Everyone who discovers permaculture adds something to it. That’s because we all have different life experiences and different perspectives.
Many people find they first make their connection through a desire to grow their own food, and because they learn that it is something they can achieve joyfully and with great satisfaction. Along the way they harvest increasing insights into a different way of understanding the world from the ones they primarily encountered going through conventional education systems.

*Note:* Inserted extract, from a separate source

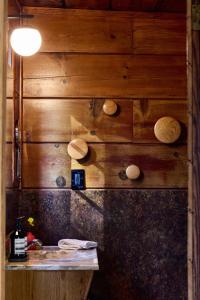 una cocina con paredes de madera y una barra con setas de madera en Russian Retreat, en Forestville 42 fotos más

Over time those very systems start to learn from this different perspective and change themselves, so that ideas which were ‘radical’ or ‘extreme’ a quarter of a century ago, now seem to have much more credence in ‘mainstream’ circles. The words in inverted commas are there because these kinds of categorisation are relative, not absolute. They reflect the positions taken by individuals or groups, not the totality of what is going on.
As someone whose major role in life has been to be a catalyst for change (hopefully usually for the better, but that’s just my view!) I have long been struck by two quotations:
‘All truth passes through three stages. First, it is ridiculed. Second, it is violently opposed. Third, it is accepted as being self-evident’ Arthur Schopenhauer
And,
‘A prophet is not recognised in his own land’ (which has many translations but is ultimately derived from the Bible, Luke 4:24)

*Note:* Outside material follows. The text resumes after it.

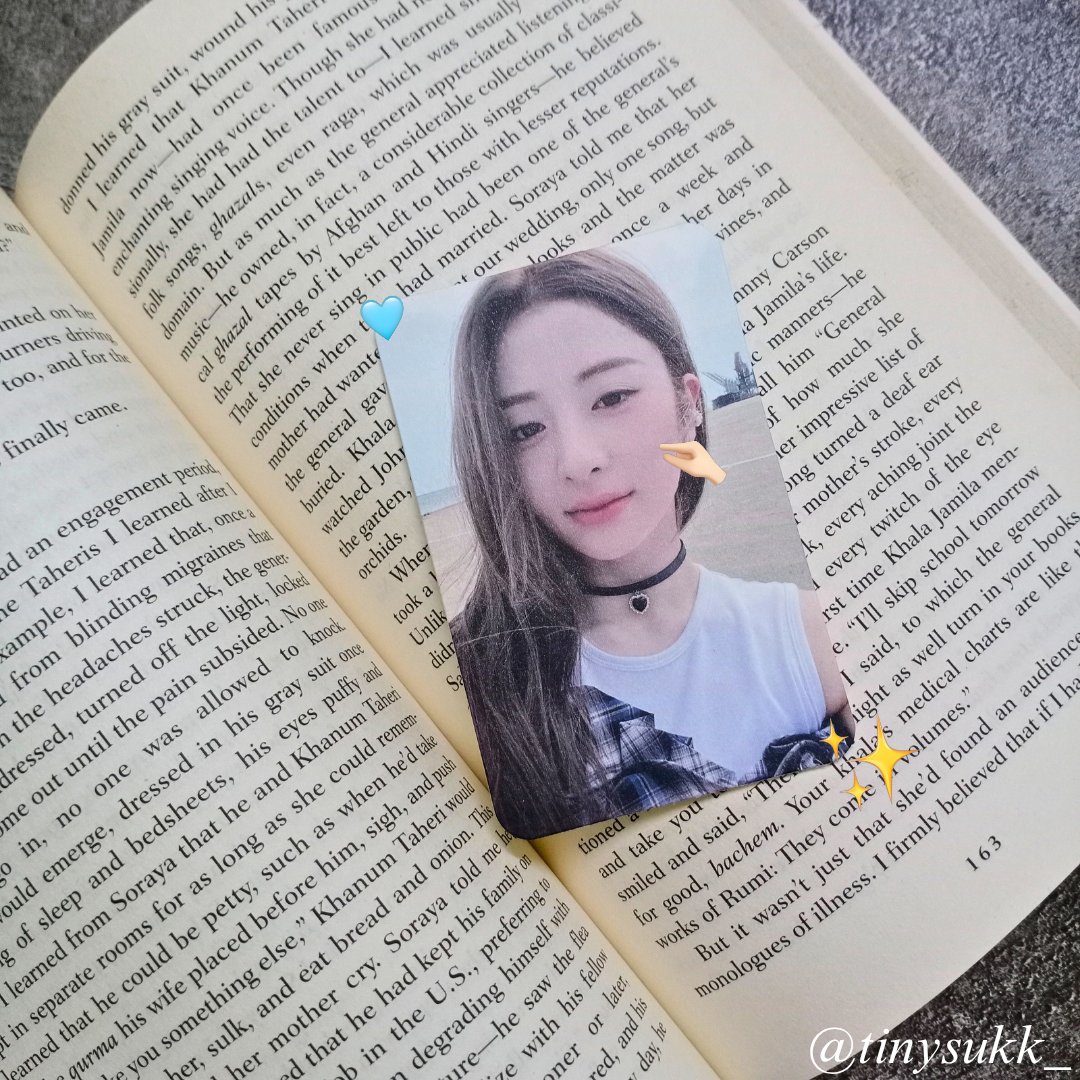 tinysukk_'s tweet photo. the idol            vs.           the photocard https://t.co/AXNsv365Hd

I feel that what I have added to permaculture is practical demonstration of its principles, some writing, some teaching, and two levels of insight, which I would call poetry and politics. Poetry: because the ability to communicate the discipline in a poetic way fires up peoples’ imagination, and politics: because understanding the imperatives for practising permaculture thinking motivates people to get on with it.
I wonder what your contribution has been?